Citizens put forward two arguments. First, the banks themselves in the deed of loan recognize that the value of the property (appraisal) is higher than the principal. Therefore, they must be consistent with this and assume the losses; if not, why is it included in the deed, what is it used for? The appraisal is useful for estimating the amount of capital requirements and provisions that, according to the rules of the financial regulator, all entities are obliged to provide at agreement credit . The loan has less collateral (more risk) the lower the value of the collateral in relation to the principal granted (coverage ratio or loan-to-value). The higher the risk, the greater the provision that the financial institution must make. In addition, loans are securitized and sold in the form of fixed-income bonds. The price of this financial product also depends on the level of risk associated with it. And loan-to-value is also the variable on reference letter (although not the only one) used by rating agencies to rate the risk of mortgage securitization funds.

The second argument is directed at the spirit of the criteria for granting loans. Risk analysis has always been a judgment on the creditworthiness of the borrower, i.e., it has been linked to the analysis of the person; to the who. test is the very use of language: someone who "has credit " has always been someone who is capable and trustworthy. That is precisely what financial institutions have historically analyzed: whether Mr. and Mrs. Garcia-Rodriguez, for example, would have the capacity first and the intention later to refund the loan they requested. Both have always been necessary. The clients argue that from the person has gone to the thing and that the decision criterion is now the percentage of the appraised value over the principal. The necessary condition has become sufficient.

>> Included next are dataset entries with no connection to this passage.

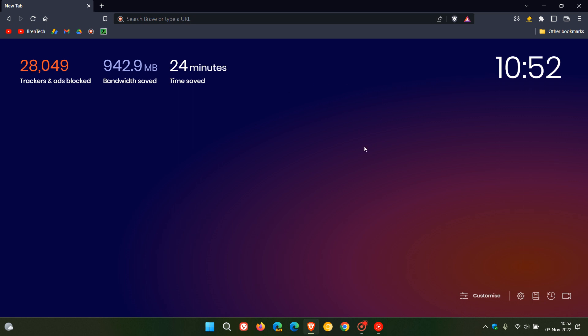So that's it for this latest point release update 1.45.118. The Chromium platform which the browser is based on stays exactly the same. So thanks for watching and I will see you in the next one.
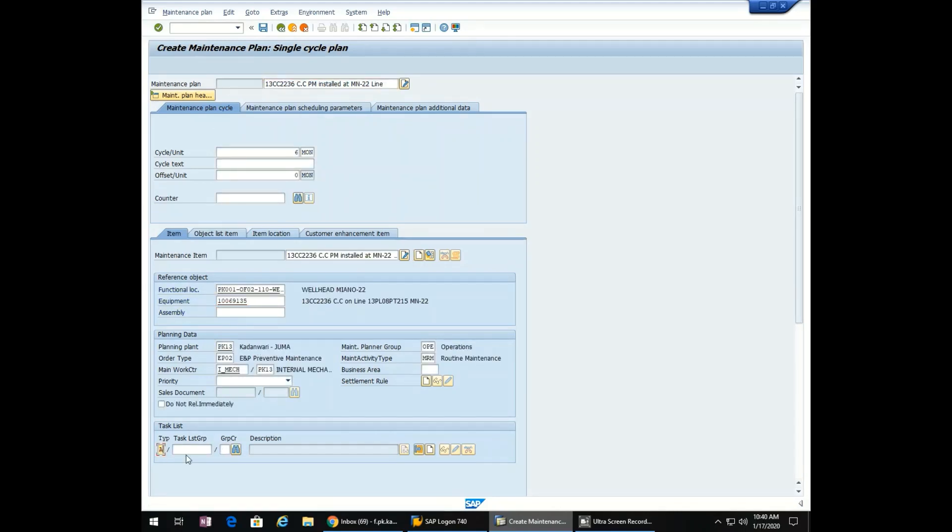Now we will enter the task list. Type A. Task group M underscore CORR. Counter group 1.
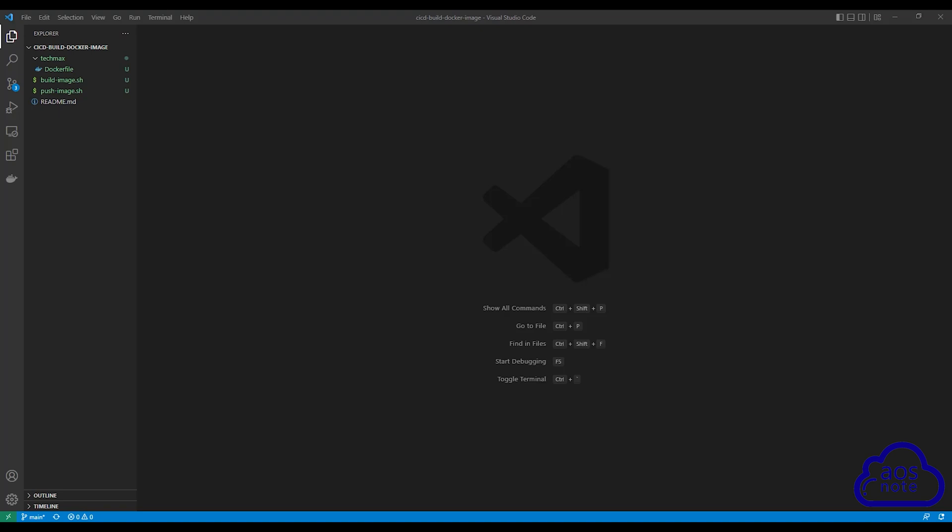Hello and welcome back to another lecture. In this lecture, we will modify the shell script files and add some environment variables. To explain why we will use environment variables in the shell script file, I want you to open the build image.sh and we will use that as an example.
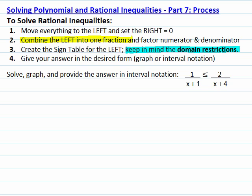Welcome to the seventh lesson on solving polynomial and rational inequalities. In this lesson, we will follow the process for solving rational inequalities. Let's review our steps really quick.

It is quite possible that certain shenanigans in the industry facilitate an interpretation like the one my fellow citizens (and even some judges) are making. However, if there is an ex post change in the interpretation of contracts, and the way of allocating risks is changed, what consequences can be expected? The retroactive application of the general application of the gift is equivalent to granting today a "free" option to the borrowers of all the mortgage contracts in force; the option to choose between the repayment of the debt or the submission of the property in guarantee. An American-style option for 20, 30 or even more years, which they would logically exercise depending on the evolution of the real estate market. A very valuable option because of the high volatility of the underlying (the real estate market) and its long deadline maturity. A "free" option because, as it is granted a posteriori, it is not taken into account in the price of loan. And let's not think only of the housing market, but also of the office market, factories, etc.

Obviously we can change the rules of the game, but it has to be done a priori. And if we decide that the risk of loss of collateral value must now be borne by the financial institutions, there will be changes in the market. Banks could decide not to grant any more mortgage loans, or they could be much more expensive. So, what would happen, how would it affect, especially now, our Economics, and our country risk? The topic is not trivial. Therefore, the Minister of Economics appeals to the common sense of financial institutions to alleviate specific situations, but the Government cannot, should not, go beyond that.